Nicolaus Copernicus’un ölümü
Nicolaus Copernicus’un ölümü 1542 civarında bir beyin kanaması ve felce dayanmaktadır. Bu şartlar neticesinde 24 Mayıs 1543’te 70 yaşında vefat etti.
Ünlü bilim insanının kalıntıları 200 yılı aşkın bir süredir arkeologlar tarafından aranıyor. Söylentiye göre 1802, 1909, 1939 ve 2004 yıllarında Frombork Katedrali’ndeki bu kalıntılara ulaşmak için girişimlerde bulunuldu, ancak başarısız oldular. Daha sonra 2005 yılında Arkeoloji ve Antropoloji Enstitüsü başkanı Jerzy Gasowski önderliğinde katedralin dibini taradıklarında Kopernik’e ait olduğunu düşündükleri kalıntılar buldular.

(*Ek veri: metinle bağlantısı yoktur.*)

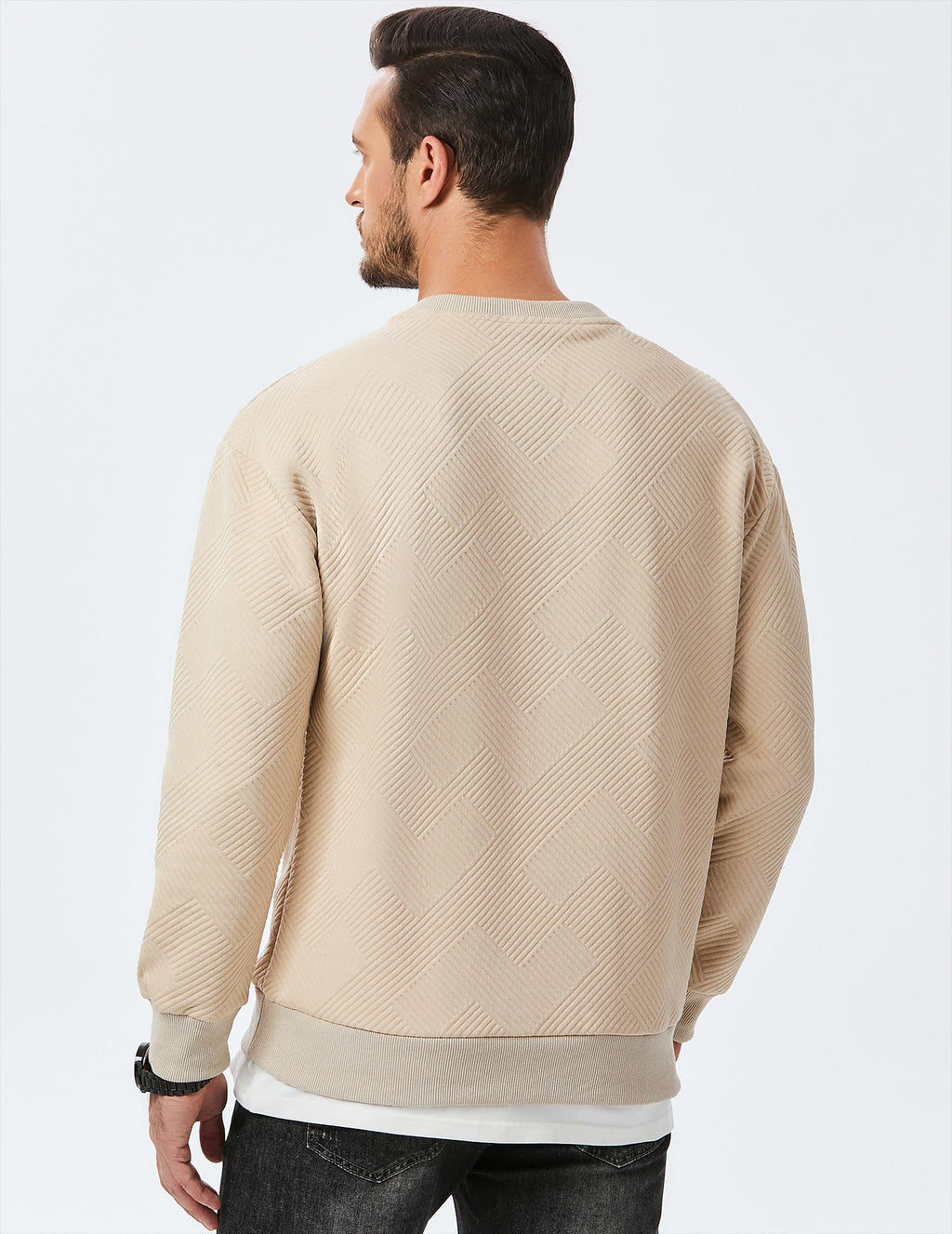 Dokotoo Men Men's Crewneck Sweatshirts Soild Color Geometric Texture Long Sleeve Casual Pullover Shirt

Kafatası, Kopernik özelliklerine benzeyen bir yüz oluşturmak için Polonya Polis Merkezinin adli tıp laboratuvarına götürüldü. Ayrıca kafatasının 70’li yaşlarında birine ait olması da bu görüşü desteklemektedir.
Mezarın kötü durumu, herhangi bir iskelet kalıntısının olmamasıyla sonuçlansa da, mezardaki kemiklerin DNA’sı, İsveç’teki Uppsala Üniversitesi Kütüphanesi’ndeki Kopernik kitabından alınan saç örnekleriyle eşleşti.
Tüm tanımlarınız Nicholas KopernikKopernik için ikinci ceza töreni 22 Mayıs 2010’da gerçekleşti. Bulunan kemikler Frombork Katedrali’nde yeniden gömüldü.
Nicholas KopernikMezar taşı, onu güneş merkezli teorinin kurucusu ve kilisenin rahibi olarak tanımlayan siyah granitten yapılmıştır. Ek olarak, Kopernik’in mezar taşı, güneş sisteminin bir modelini temsil eden altı gezegenle çevrili altın bir güneşe dayanmaktadır.